А вот как описывает путь в Харрар Гумилев:

Дорога напоминала рай на хороших русских лубках: неестественно зеленая трава, слишком раскидистые ветви деревьев, большие разноцветные птицы и стада коз по откосам гор. Воздух мягкий, прозрачный и словно пронизанный крупинками золота. Сильный и сладкий запах цветов. И только странно дисгармонируют со всем окружающим черные люди, словно грешники, гуляющие в раю, по какой-нибудь еще не созданной легенде…

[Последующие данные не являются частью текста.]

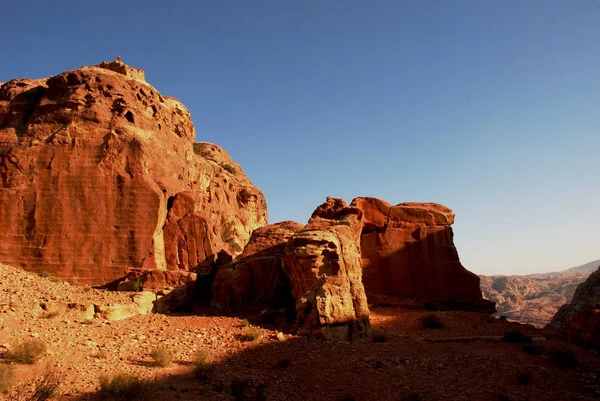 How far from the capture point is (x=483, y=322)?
1933 centimetres

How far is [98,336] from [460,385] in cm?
1028

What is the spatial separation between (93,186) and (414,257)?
1711 centimetres

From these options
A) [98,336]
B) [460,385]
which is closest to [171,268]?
[98,336]

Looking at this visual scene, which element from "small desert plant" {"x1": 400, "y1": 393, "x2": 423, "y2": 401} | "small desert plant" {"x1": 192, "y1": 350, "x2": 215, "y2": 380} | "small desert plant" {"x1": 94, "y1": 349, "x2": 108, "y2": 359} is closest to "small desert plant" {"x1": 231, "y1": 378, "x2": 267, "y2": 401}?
"small desert plant" {"x1": 192, "y1": 350, "x2": 215, "y2": 380}

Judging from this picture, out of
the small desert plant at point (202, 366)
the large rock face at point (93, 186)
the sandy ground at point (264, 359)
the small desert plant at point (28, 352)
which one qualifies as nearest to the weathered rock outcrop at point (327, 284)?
the sandy ground at point (264, 359)

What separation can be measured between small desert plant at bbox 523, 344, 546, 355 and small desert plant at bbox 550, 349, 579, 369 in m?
0.72

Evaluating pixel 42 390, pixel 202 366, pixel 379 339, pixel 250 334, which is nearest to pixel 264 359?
pixel 250 334

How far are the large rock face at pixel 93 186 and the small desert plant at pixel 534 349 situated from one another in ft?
46.1

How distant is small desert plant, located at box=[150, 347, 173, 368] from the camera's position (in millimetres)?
10124

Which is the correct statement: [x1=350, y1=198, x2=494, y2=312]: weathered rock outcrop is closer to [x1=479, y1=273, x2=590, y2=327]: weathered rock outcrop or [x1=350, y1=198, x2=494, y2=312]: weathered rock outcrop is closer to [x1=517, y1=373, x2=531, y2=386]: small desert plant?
Result: [x1=517, y1=373, x2=531, y2=386]: small desert plant

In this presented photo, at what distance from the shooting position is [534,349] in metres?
13.9

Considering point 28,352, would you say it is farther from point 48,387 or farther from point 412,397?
point 412,397

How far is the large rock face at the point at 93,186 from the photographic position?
18.1 m

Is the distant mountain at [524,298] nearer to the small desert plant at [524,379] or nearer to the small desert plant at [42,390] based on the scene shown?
the small desert plant at [524,379] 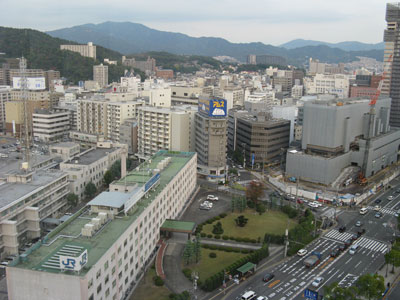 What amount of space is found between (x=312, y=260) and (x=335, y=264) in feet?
7.13

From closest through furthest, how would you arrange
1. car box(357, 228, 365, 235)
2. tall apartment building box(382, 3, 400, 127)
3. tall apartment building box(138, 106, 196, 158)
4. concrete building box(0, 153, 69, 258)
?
concrete building box(0, 153, 69, 258)
car box(357, 228, 365, 235)
tall apartment building box(138, 106, 196, 158)
tall apartment building box(382, 3, 400, 127)

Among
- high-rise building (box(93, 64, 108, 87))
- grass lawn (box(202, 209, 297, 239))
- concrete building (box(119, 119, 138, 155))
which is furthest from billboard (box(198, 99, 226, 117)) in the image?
high-rise building (box(93, 64, 108, 87))

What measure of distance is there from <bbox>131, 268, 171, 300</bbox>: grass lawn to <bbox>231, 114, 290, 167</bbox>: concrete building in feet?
120

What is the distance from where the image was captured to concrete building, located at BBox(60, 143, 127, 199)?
4644 cm

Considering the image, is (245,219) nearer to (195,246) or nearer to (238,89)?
(195,246)

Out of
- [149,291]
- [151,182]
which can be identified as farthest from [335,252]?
[151,182]

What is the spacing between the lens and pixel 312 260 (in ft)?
109

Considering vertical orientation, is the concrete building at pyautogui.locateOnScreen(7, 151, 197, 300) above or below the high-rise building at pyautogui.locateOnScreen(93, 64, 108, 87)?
below

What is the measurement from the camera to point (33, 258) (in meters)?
24.2

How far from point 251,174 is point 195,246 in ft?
99.1

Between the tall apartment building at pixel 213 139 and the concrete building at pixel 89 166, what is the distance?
12226 millimetres

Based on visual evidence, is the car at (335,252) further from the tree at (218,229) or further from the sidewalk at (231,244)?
the tree at (218,229)

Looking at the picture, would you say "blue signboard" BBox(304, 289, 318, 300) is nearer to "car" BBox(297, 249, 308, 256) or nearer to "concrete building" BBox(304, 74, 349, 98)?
"car" BBox(297, 249, 308, 256)

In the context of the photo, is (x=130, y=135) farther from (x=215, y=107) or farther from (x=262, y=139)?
(x=262, y=139)
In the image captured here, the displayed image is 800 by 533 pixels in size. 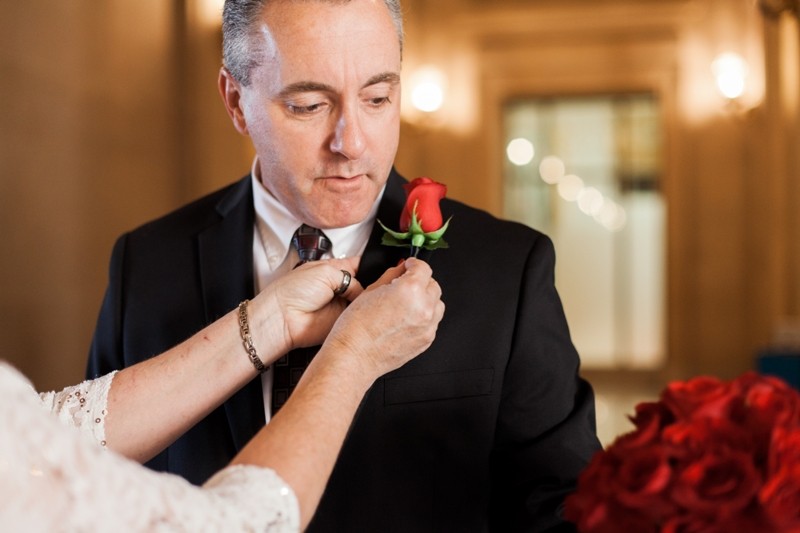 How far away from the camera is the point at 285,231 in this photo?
2.21 m

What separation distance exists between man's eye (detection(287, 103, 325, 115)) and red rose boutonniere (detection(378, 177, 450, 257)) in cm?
24

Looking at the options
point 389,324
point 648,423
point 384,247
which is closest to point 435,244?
point 384,247

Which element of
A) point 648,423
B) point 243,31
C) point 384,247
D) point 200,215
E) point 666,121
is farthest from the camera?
point 666,121

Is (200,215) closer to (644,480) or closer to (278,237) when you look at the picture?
(278,237)

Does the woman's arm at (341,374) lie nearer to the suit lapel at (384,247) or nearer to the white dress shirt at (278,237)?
the suit lapel at (384,247)

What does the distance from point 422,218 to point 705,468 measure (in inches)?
34.3

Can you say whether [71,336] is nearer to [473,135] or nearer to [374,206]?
[374,206]

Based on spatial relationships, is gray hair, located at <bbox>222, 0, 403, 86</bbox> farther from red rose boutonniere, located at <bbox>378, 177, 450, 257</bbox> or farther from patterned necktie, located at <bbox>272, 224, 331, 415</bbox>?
patterned necktie, located at <bbox>272, 224, 331, 415</bbox>

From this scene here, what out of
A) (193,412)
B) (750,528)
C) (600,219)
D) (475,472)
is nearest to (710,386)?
(750,528)

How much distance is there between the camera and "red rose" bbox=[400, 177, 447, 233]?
1904 millimetres

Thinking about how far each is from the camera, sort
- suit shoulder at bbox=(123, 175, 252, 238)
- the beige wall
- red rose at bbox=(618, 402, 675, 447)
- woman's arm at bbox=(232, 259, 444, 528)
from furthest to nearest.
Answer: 1. the beige wall
2. suit shoulder at bbox=(123, 175, 252, 238)
3. woman's arm at bbox=(232, 259, 444, 528)
4. red rose at bbox=(618, 402, 675, 447)

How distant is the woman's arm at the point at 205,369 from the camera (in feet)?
6.09

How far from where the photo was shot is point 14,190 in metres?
4.90

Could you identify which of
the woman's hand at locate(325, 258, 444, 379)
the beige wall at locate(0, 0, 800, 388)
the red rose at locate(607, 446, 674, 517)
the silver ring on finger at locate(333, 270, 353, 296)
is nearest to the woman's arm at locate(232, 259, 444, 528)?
the woman's hand at locate(325, 258, 444, 379) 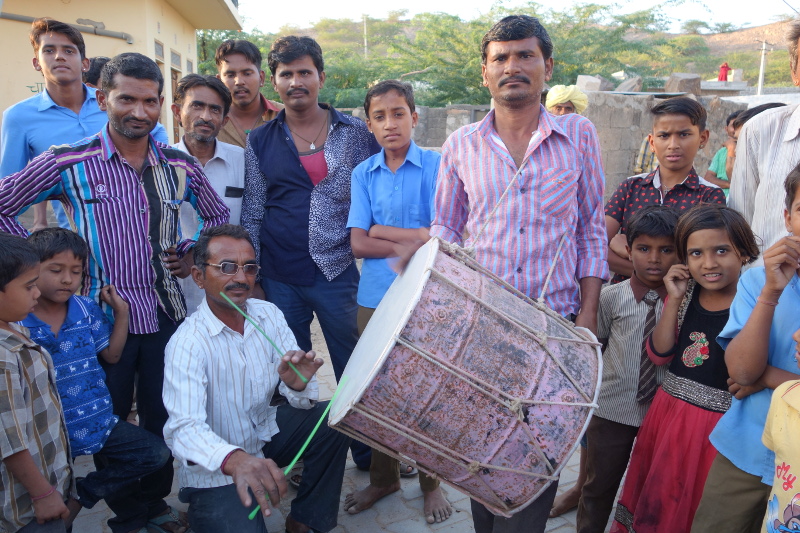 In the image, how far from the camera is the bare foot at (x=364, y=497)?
3.26 m

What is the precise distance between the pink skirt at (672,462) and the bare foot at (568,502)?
55 cm

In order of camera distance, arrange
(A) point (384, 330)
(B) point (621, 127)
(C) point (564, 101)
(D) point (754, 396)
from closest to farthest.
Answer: (A) point (384, 330) → (D) point (754, 396) → (C) point (564, 101) → (B) point (621, 127)

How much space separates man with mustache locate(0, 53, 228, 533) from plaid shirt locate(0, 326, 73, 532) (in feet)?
1.79

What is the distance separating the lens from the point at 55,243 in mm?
2570

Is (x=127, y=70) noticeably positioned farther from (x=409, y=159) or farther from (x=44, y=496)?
(x=44, y=496)

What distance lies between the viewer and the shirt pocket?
2.41m

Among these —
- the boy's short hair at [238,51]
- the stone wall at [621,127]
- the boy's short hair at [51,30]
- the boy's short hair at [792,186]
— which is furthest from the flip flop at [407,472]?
the stone wall at [621,127]

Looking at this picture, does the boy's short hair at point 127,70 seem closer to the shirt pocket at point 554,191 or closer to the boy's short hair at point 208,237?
the boy's short hair at point 208,237

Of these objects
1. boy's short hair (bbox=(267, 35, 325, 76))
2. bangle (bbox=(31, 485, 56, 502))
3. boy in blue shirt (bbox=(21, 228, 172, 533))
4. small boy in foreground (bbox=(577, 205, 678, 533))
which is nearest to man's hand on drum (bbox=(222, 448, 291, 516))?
bangle (bbox=(31, 485, 56, 502))

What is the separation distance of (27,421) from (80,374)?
41cm

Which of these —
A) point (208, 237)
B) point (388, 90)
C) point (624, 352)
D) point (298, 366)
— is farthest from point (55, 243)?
point (624, 352)

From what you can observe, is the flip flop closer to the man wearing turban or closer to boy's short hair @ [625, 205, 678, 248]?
boy's short hair @ [625, 205, 678, 248]

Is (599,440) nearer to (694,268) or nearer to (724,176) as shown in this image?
(694,268)

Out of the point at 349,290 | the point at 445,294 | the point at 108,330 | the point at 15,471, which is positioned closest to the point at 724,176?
the point at 349,290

…Когда наконец, полузадохшиеся и изнеможденные, мы взошли на последний кряж, нам сверкнула в глаза так давно невиданная спокойная вода, словно серебряный щит: горное озеро Адели. Я посмотрел на часы: подъем длился полтора часа. Мы были на Харрарском плоскогорье. Местность резко изменилась. Вместо мимоз зеленели банановые пальмы и изгороди молочаев; вместо дикой травы — старательно возделанные поля дурро.

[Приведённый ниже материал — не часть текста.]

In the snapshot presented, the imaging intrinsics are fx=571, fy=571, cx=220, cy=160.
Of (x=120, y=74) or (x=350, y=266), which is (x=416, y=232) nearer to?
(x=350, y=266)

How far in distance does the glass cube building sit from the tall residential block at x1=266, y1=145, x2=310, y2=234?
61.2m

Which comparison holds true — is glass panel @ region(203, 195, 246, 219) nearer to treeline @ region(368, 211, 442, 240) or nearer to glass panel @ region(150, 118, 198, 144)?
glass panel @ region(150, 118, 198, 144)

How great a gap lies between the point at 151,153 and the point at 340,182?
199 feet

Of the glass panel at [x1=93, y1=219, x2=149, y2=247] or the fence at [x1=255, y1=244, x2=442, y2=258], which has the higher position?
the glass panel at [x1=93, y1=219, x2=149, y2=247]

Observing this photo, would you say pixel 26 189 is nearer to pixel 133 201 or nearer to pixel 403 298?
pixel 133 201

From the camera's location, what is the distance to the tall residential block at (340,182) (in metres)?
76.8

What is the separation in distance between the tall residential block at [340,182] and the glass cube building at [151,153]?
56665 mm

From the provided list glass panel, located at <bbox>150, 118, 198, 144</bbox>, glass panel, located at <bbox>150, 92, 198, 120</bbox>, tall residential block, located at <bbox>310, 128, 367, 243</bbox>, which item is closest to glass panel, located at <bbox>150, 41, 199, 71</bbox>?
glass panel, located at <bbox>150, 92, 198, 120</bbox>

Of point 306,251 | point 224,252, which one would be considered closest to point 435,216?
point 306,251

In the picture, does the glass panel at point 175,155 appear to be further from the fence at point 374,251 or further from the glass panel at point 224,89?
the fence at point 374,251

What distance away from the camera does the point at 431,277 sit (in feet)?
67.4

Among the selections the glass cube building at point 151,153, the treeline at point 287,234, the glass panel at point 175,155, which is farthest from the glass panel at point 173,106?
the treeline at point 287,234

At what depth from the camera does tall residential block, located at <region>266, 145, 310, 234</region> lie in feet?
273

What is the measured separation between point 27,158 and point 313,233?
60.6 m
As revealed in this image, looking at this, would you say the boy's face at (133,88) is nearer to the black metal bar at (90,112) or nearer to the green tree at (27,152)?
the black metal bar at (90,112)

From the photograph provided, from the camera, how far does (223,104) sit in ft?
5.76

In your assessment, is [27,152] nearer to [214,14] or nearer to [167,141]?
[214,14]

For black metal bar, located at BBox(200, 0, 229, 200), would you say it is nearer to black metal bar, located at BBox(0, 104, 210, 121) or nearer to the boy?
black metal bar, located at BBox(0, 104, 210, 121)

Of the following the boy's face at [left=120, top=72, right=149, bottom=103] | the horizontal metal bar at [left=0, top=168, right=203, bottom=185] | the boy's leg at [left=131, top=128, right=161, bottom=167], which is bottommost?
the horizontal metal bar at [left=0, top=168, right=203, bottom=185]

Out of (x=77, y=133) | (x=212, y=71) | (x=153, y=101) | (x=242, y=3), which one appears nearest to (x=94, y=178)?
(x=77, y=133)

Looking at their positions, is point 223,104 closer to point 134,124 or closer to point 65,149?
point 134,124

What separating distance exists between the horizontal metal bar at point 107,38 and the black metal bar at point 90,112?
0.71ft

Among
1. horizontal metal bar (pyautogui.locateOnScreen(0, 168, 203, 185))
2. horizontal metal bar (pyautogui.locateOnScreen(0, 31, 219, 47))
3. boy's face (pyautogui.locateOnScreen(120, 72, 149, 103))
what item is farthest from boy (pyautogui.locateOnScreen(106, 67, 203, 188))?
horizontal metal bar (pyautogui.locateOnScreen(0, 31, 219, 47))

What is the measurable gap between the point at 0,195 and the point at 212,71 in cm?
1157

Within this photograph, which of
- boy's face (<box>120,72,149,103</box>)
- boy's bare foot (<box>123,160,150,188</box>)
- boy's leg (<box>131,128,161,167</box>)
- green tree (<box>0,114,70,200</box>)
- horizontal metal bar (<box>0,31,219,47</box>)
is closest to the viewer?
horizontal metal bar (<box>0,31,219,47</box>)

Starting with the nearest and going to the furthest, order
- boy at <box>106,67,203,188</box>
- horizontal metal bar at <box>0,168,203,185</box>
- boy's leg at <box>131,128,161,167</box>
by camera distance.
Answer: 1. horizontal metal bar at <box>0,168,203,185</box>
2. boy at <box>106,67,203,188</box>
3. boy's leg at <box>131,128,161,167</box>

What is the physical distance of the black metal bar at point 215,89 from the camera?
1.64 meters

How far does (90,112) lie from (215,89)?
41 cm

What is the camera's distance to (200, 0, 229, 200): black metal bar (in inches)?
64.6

Сам же Харрар — «совсем Багдад времен Гаруна-аль-Рашида. Узкие улицы, которые то подымаются, то спускаются ступенями, тяжелые деревянные двери, площади, полные галдящим людом в белых одеждах, суд, тут же на площади, — все это полно прелести старых сказок».

В Харраре Гумилев должен был купить мулов для дальнейшего путешествия, при этом он столкнулся с новыми сложностями:

Кто думает, что в Абиссинии легко купить мулов, тот очень ошибается. Специальных купцов нет, мулиных ярмарок тоже. Ашкеры ходят по домам, справляясь, нет ли продажных мулов. У абиссинцев разгораются глаза: может быть, белый не знает цены и его можно надуть.

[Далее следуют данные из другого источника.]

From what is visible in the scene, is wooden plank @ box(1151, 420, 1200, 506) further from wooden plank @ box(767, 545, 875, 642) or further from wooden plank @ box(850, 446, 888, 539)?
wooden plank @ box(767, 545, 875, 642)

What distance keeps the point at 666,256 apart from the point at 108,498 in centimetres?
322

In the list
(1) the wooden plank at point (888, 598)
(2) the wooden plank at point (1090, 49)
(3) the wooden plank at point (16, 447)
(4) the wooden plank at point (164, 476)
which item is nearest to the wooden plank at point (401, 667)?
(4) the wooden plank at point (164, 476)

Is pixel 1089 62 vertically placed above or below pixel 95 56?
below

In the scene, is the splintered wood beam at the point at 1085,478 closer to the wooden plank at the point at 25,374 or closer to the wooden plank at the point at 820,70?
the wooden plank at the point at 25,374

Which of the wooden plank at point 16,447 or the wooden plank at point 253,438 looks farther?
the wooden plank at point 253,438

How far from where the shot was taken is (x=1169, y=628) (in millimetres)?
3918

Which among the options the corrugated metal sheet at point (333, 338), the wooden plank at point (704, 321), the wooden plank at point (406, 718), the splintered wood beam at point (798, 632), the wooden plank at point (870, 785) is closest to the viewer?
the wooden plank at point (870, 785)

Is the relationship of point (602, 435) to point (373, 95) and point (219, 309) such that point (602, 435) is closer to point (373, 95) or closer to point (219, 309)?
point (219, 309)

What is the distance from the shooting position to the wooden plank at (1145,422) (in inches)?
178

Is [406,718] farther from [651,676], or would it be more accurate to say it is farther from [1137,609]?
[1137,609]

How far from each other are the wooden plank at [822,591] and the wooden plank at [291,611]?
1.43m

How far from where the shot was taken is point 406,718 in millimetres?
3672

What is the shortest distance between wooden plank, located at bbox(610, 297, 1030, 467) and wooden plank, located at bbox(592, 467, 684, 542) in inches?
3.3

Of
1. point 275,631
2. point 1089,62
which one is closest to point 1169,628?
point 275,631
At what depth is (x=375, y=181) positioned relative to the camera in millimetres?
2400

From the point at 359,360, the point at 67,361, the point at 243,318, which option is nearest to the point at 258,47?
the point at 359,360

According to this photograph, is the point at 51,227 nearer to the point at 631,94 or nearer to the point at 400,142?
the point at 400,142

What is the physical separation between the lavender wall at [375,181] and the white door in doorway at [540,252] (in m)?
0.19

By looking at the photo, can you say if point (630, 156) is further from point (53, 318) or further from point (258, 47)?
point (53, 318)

Рынок в Харраре. Фотография Н. Л. Сверчкова, 1913 год. Музей антропологии и этнографии им. Петра Великого

На несколько дней он задерживается в городе. Между прочим, он встречает старых аддис-абебских знакомых — «подозрительного мальтийца Каравана», «чистенького пожилого копта, директора местной школы», «русского подданного Артема Ихаджана». Здесь же он прогоняет за мошенничество («он не только не искал мулов, но даже, кажется, перемигнулся с хозяином отеля, чтобы как можно дольше задержать нас там») переводчика Хайле. Гумилев обратился в католическую миссию в поисках нового переводчика.

Епископ, возглавлявший миссию,

француз лет пятидесяти с широко раскрытыми, как будто удивленными глазами… был отменно любезен и приятен в обращении, но года, проведенные среди дикарей, в связи с общей монашеской наивностью, давали себя чувствовать. Он как-то слишком легко, точно семнадцатилетняя институтка, удивлялся, радовался и печалился всему, что мы говорили.

Давидсон предполагает, что епископ этот — иезуит Жером. В таком случае Гумилев не догадался спросить Жерома о другом французе, возглавлявшем здешнюю факторию два с половиной десятилетия назад. Вероятно, он сам не догадывался о том, по чьим стопам — шаг в шаг! — идет в стране черных христиан. Имя Рембо ни разу не упоминается в «Африканском дневнике». А ведь Жером вроде бы был другом французского поэта…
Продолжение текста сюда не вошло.